Raw, unfinished, filled with emotion, sadly incomplete. That was Greetings from Tim Buckley But that was also Jeff Buckley. It’s exactly what makes this movie so subtly brilliant.
I have heard complaints that the story doesn’t exactly follow the life of Jeff Buckley, nor does it have the conventions of a traditional bio-pick. But that too, was Jeff Buckley (Penn Badgley). His music was raw and unfinished and often strayed from expected conventions. He was so obviously full of emotion, and yes, his life was incomplete. Would I expect anything different from a movie chronicling part of Jeff Buckley’s life? I did, and I expected to be disappointed. I was wrong, gladly so.
In short, the plot is as follows: The year is 1991, three years before the release of Jeff Buckley’s Grace album and six years before his accidental(?) drowning. Jeff is asked to perform at a tribute concert for his father, Tim Buckley, who Jeff never really knew. Tim died of an accidental overdose in 1975. Jeff was nine. The story revolves around Jeff trying to come to terms with the legend of his father, their relationship or lack thereof, and the man Jeff would like to become.
The father-son relationship is told in a series of flashbacks very reminiscent of the 1996 John Sayles’ movie, Lone Star, with Chris Cooper and Matthew McConaughey. Another story where the son is trying to live up to the expectations of a father while becoming his own man.
Dan Algrant directs the movie like a beautiful and lyrical composition, not a musical, but a song. And it works. We want to know the story told in each verse, sing along with the chorus, and hope for more when the music ends. There are some very fine performances in this movie. Imogen Poots gives a near captivating show as a young singer inspired by the legend of Tim and enthralled by the promise of Jeff. Ben Rosenfield, who plays Tim Buckley, does so with subtle conviction. While this is very much the story of Tim, the artist and the man, it is mainly the story about a rising and fleeting star – his son, Jeff. Throughout the film, Algrant gives the viewer hints of Jeff Buckley and the man he will become (and never get the opportunity to be), and then, in a final tribute to his father, we are introduced to Jeff, the artist, in the grandest of ways and this is where Penn Badgley excels. It is simply a beautiful moment when this young man becomes the Jeff Buckley of legend and lore and music history. Just as much as it reflects the emergence of Jeff Buckley, it should do the same for Badgely. This should be a star making role for Badgley, who sang live and did not lip sync his Buckley performances. But will it be? We’ll just have to wait and see.

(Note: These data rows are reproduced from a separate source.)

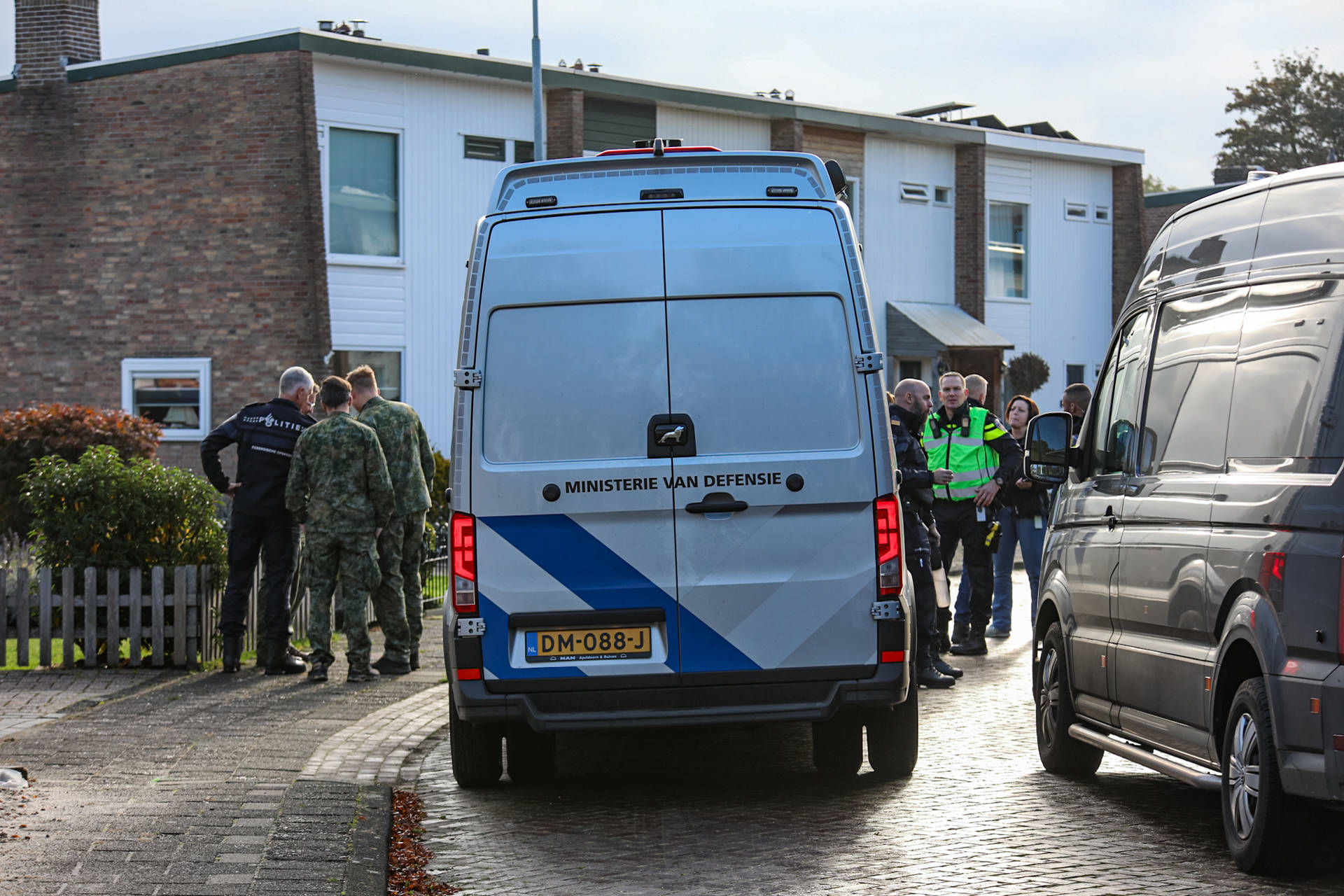 Explosief aangetroffen bij woning, EOD maakt voorwerp onschadelijk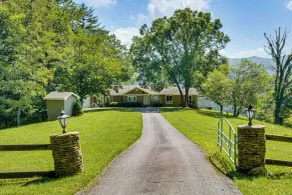 Mountain Home Near Lake Glenville w/ Scenic Views - Innvendig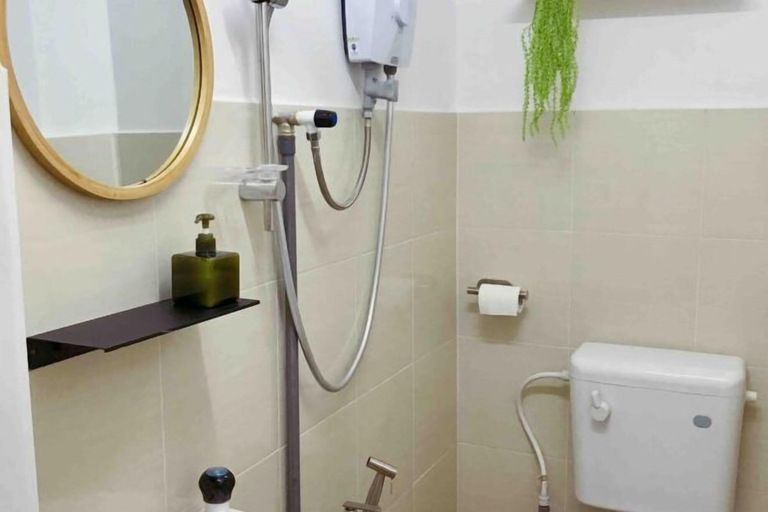 Bathroom, 3 BDR shoplot style homestay Yong Peng three rooms., Batu Pahat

In most biopics about musicians, the viewer gets the story leading to the song. Here, the story is the song.
We wait for the Jeff Buckley moment and we beg for Hallelujah, but that’s not what we get. And, I expect, it’s not what Buckley would’ve have wanted in a film about him. This movie may mean less to those unfamiliar with Jeff Buckley. But to the fans, it is completely unexpected, completely fulfilling, and completely what I hoped it could be.
Could this movie have been better? Probably. Would that have made it better? I don’t think so.